Merge branch 'open-edge-platform:main' into rm_datastore

hteeyeoh · web-flow · commit fe5263ea2f36 · 2025-05-06T14:14:45.000+08:00
diff --git a/README.md b/README.md
@@ -26,7 +26,7 @@ Key components of the **Edge AI Libraries**:
 | [Model Registry](microservices/model-registry) | Microservice | [Link](microservices/model-registry/docs/user-guide/get-started.md) | [API Reference](microservices/model-registry/docs/user-guide/api-docs/openapi.yaml) |
 | [Intel® Geti™](https://github.com/open-edge-platform/geti) | Tool | [Link](https://geti.intel.com/) | [Docs](https://docs.geti.intel.com) |
 | [Visual Pipeline and Performance Evaluation Tool](tools/visual-pipeline-and-platform-evaluation-tool) | Tool | [Link](tools/visual-pipeline-and-platform-evaluation-tool/docs/user-guide/get-started.md) | [Build](tools/visual-pipeline-and-platform-evaluation-tool/docs/user-guide/how-to-build-source.md) instructions |
-| [Chat Question and Answer](sample-applications/chat-question-and-answer) | Sample Application |  [Link](sample-applications/chat-question-and-answer-core/docs/user-guide/get-started.md) | [Build](sample-applications/chat-question-and-answer/docs/user-guide/build-from-source.md) instructions |
+| [Chat Question and Answer](sample-applications/chat-question-and-answer) | Sample Application |  [Link](sample-applications/chat-question-and-answer/docs/user-guide/get-started.md) | [Build](sample-applications/chat-question-and-answer/docs/user-guide/build-from-source.md) instructions |
 | [Chat Question and Answer Core](sample-applications/chat-question-and-answer-core) | Sample Application | [Link](sample-applications/chat-question-and-answer-core/docs/user-guide/get-started.md) | [Build](sample-applications/chat-question-and-answer-core/docs/user-guide/build-from-source.md) instructions |
 
 
diff --git a/sample-applications/chat-question-and-answer-core/docs/user-guide/build-from-source.md b/sample-applications/chat-question-and-answer-core/docs/user-guide/build-from-source.md
@@ -84,12 +84,19 @@ You should see entries for both `chatqna` and `chatqna-ui`.

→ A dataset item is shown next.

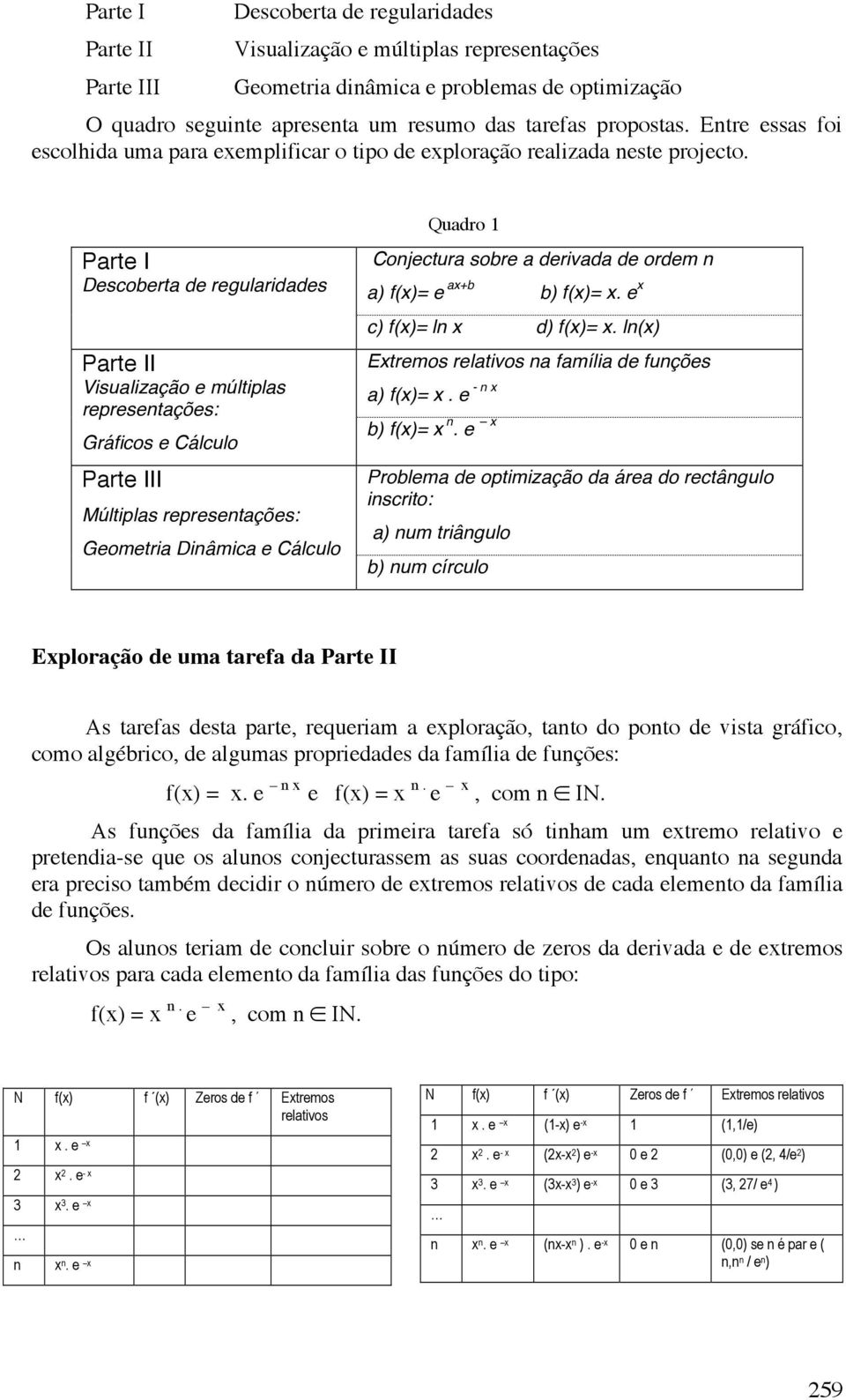 Parte I Descoberta de regularidades Parte II Visualização e múltiplas representações: Gráficos e Cálculo Parte III Múltiplas representações: Geometria Dinâmica e Cálculo Quadro 1 Conjectura sobre a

 ## Running the Application Container
 After building the images for the `Chat Question-and-Answer Core` application, you can run the application container using `docker compose` by following these steps:
 
-1. Start the Docker containers with the previously built images:
+1. **Set Up Environment Variables**:   
+      ```bash
+       export HUGGINGFACEHUB_API_TOKEN=<your-huggingface-token>
+       source scripts/setup_env.sh
+      ```
+   Configure the models to be used (LLM, Embeddings, Rerankers) in the `scripts/setup_env.sh` as needed. Refer to and use   the same  list of models as documented in [Chat Question-and-Answer](../../../chat-question-and-answer/docs/user-guide/get-started.md#supported-models). 
+
+2. Start the Docker containers with the previously built images:
    ```bash
    docker compose -f docker/compose.yaml up
    ```
 
-2. Access the application:
+3. Access the application:
    - Open your web browser and navigate to `http://<host-ip>:5173` to view the application dashboard.
 
 ## Verification
diff --git a/sample-applications/chat-question-and-answer/docs/user-guide/get-started.md b/sample-applications/chat-question-and-answer/docs/user-guide/get-started.md
@@ -41,7 +41,7 @@ The sample application has been validated with a few models just to validate the
 ### LLM Models validated for each model server
 | Model Server | Models Validated |
    |--------------|-------------------|
-   | `TEI` | `Intel/neural-chat-7b-v3-3`, `Qwen/Qwen2.5-7B-Instruct`, `microsoft/Phi-3.5-mini-instruct`, `meta-llama/Llama-3.1-8B-instruct`, `deepseek-ai/DeepSeek-R1-Distill-Qwen-7B` |
+   | `vLLM` | `Intel/neural-chat-7b-v3-3`, `Qwen/Qwen2.5-7B-Instruct`, `microsoft/Phi-3.5-mini-instruct`, `meta-llama/Llama-3.1-8B-instruct`, `deepseek-ai/DeepSeek-R1-Distill-Qwen-7B` |
    | `OVMS` | `Intel/neural-chat-7b-v3-3`, `Qwen/Qwen2.5-7B-Instruct`, `microsoft/Phi-3.5-mini-instruct`, `meta-llama/Llama-3.1-8B-instruct`, `deepseek-ai/DeepSeek-R1-Distill-Qwen-7B` |
    | `TGI` | `Intel/neural-chat-7b-v3-3`, `Qwen/Qwen2.5-7B-Instruct`, `microsoft/Phi-3.5-mini-instruct`, `meta-llama/Llama-3.1-8B-instruct`, `deepseek-ai/DeepSeek-R1-Distill-Qwen-7B` |
 
diff --git a/sample-applications/chat-question-and-answer/docs/user-guide/overview-architecture.md b/sample-applications/chat-question-and-answer/docs/user-guide/overview-architecture.md
@@ -33,7 +33,7 @@ ChatQ&A application is a combination of the core LangChain application logic tha
 ### Application Flow
 
 1. **Input Sources**:
-   - **Documents**: The document ingestion microservice supports ingesting from various document formats. Supported formats are word and pdf.
+   - **Documents**: The document ingestion microservice supports ingesting documents in various formats. Supported formats are word and pdf.    
    - **Web pages**: Contents of accessible web pages can also be parsed and used as input for the RAG pipeline.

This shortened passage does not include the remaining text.